Data to process:
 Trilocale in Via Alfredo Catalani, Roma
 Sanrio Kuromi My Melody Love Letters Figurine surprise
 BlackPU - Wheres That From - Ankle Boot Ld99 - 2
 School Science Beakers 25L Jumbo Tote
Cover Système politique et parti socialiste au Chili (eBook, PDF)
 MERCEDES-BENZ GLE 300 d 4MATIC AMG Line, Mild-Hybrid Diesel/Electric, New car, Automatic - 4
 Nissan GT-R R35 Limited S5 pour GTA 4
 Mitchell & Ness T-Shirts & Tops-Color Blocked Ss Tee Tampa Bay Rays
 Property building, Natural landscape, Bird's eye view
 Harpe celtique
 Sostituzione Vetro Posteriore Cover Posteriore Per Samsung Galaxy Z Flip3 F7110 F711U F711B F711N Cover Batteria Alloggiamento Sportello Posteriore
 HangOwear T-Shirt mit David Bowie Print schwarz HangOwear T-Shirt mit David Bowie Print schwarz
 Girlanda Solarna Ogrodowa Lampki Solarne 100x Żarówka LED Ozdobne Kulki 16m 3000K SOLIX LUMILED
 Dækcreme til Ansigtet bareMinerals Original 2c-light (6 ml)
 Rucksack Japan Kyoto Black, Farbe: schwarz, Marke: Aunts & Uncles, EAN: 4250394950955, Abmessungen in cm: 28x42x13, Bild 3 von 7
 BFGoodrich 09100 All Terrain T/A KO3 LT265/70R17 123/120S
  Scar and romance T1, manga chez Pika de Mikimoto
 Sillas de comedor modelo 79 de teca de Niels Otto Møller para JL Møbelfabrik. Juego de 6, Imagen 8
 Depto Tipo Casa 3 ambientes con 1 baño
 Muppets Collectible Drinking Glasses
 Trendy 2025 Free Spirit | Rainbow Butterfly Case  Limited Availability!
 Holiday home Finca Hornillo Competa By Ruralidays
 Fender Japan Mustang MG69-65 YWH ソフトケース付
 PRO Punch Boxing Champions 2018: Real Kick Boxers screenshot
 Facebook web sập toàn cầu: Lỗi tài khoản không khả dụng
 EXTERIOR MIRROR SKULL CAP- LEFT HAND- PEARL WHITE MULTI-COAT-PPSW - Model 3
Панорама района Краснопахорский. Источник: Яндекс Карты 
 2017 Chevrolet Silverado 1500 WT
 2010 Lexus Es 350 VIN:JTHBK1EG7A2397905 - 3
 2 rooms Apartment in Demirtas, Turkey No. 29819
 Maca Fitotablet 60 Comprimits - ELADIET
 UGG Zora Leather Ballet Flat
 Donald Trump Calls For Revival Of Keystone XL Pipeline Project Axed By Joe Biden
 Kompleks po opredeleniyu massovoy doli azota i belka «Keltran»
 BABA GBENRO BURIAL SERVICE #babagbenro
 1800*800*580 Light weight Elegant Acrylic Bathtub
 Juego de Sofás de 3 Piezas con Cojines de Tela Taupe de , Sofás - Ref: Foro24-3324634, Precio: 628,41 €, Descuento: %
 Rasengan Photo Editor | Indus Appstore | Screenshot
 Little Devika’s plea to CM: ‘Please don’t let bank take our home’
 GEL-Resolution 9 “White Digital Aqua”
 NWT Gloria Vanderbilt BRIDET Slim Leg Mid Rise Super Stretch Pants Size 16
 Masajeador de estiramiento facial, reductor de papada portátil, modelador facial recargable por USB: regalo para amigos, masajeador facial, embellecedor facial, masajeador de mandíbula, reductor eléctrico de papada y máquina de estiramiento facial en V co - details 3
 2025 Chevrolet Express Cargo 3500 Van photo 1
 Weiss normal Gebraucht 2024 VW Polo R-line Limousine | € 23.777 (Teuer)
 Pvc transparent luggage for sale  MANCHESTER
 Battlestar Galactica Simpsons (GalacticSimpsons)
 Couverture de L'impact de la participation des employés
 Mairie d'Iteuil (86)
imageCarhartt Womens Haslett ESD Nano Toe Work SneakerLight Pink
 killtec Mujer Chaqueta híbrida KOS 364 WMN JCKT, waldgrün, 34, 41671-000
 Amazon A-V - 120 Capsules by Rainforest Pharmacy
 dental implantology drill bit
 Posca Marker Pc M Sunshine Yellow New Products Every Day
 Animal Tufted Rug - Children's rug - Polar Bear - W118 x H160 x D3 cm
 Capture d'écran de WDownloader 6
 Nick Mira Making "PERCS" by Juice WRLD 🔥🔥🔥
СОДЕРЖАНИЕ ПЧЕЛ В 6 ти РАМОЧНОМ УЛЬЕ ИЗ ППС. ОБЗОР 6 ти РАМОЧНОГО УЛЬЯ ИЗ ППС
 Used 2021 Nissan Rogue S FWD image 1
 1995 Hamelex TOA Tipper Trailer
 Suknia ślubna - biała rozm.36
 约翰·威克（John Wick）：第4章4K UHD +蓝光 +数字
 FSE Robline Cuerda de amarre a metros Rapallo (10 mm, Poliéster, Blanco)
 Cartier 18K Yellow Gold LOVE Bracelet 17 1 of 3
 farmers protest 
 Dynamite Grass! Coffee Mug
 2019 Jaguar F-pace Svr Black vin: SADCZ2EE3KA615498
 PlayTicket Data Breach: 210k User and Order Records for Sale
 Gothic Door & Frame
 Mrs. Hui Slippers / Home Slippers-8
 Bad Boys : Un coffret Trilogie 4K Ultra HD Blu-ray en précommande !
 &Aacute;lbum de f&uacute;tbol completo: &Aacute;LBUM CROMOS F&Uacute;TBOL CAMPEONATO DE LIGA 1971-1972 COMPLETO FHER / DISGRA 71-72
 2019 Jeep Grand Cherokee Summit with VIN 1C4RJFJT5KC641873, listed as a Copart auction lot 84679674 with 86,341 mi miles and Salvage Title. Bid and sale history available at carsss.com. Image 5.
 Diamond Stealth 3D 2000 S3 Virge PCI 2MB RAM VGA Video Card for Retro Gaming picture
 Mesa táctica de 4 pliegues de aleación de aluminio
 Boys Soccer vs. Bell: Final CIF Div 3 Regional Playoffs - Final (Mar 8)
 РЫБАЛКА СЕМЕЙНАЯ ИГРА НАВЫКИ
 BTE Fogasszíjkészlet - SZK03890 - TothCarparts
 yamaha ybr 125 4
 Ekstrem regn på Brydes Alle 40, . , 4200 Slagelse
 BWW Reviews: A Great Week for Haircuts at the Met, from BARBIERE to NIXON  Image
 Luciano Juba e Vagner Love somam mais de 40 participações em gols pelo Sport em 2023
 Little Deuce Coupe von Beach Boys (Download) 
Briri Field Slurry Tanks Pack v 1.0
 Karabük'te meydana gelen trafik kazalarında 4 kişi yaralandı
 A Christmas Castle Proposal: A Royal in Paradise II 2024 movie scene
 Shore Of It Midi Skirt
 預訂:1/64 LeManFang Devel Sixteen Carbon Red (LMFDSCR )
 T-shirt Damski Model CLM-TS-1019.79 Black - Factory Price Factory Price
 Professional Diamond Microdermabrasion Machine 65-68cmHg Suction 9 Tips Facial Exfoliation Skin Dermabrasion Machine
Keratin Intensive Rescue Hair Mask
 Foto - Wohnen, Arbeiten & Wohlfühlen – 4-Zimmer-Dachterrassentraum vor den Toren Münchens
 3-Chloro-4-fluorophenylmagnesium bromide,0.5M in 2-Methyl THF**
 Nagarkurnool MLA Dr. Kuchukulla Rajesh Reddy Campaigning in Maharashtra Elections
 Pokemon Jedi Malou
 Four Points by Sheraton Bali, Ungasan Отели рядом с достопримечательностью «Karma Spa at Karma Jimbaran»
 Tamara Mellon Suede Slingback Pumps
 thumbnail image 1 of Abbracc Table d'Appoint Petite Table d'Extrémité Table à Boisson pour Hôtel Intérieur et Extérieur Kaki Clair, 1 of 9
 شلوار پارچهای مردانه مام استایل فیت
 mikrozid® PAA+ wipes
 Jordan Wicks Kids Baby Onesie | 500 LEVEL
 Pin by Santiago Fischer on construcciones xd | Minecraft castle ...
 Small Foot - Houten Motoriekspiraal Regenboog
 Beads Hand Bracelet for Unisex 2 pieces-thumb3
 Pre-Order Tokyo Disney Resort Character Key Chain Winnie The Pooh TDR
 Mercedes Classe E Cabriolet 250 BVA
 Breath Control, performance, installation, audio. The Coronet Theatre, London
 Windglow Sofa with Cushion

What to work on:
Go through the data above from its first line and copy each line exactly, stopping once the line with "UGG Zora Leather Ballet Flat" has been copied.

Response below:
 Trilocale in Via Alfredo Catalani, Roma
 Sanrio Kuromi My Melody Love Letters Figurine surprise
 BlackPU - Wheres That From - Ankle Boot Ld99 - 2
 School Science Beakers 25L Jumbo Tote
Cover Système politique et parti socialiste au Chili (eBook, PDF)
 MERCEDES-BENZ GLE 300 d 4MATIC AMG Line, Mild-Hybrid Diesel/Electric, New car, Automatic - 4
 Nissan GT-R R35 Limited S5 pour GTA 4
 Mitchell & Ness T-Shirts & Tops-Color Blocked Ss Tee Tampa Bay Rays
 Property building, Natural landscape, Bird's eye view
 Harpe celtique
 Sostituzione Vetro Posteriore Cover Posteriore Per Samsung Galaxy Z Flip3 F7110 F711U F711B F711N Cover Batteria Alloggiamento Sportello Posteriore
 HangOwear T-Shirt mit David Bowie Print schwarz HangOwear T-Shirt mit David Bowie Print schwarz
 Girlanda Solarna Ogrodowa Lampki Solarne 100x Żarówka LED Ozdobne Kulki 16m 3000K SOLIX LUMILED
 Dækcreme til Ansigtet bareMinerals Original 2c-light (6 ml)
 Rucksack Japan Kyoto Black, Farbe: schwarz, Marke: Aunts & Uncles, EAN: 4250394950955, Abmessungen in cm: 28x42x13, Bild 3 von 7
 BFGoodrich 09100 All Terrain T/A KO3 LT265/70R17 123/120S
  Scar and romance T1, manga chez Pika de Mikimoto
 Sillas de comedor modelo 79 de teca de Niels Otto Møller para JL Møbelfabrik. Juego de 6, Imagen 8
 Depto Tipo Casa 3 ambientes con 1 baño
 Muppets Collectible Drinking Glasses
 Trendy 2025 Free Spirit | Rainbow Butterfly Case  Limited Availability!
 Holiday home Finca Hornillo Competa By Ruralidays
 Fender Japan Mustang MG69-65 YWH ソフトケース付
 PRO Punch Boxing Champions 2018: Real Kick Boxers screenshot
 Facebook web sập toàn cầu: Lỗi tài khoản không khả dụng
 EXTERIOR MIRROR SKULL CAP- LEFT HAND- PEARL WHITE MULTI-COAT-PPSW - Model 3
Панорама района Краснопахорский. Источник: Яндекс Карты 
 2017 Chevrolet Silverado 1500 WT
 2010 Lexus Es 350 VIN:JTHBK1EG7A2397905 - 3
 2 rooms Apartment in Demirtas, Turkey No. 29819
 Maca Fitotablet 60 Comprimits - ELADIET
 UGG Zora Leather Ballet Flat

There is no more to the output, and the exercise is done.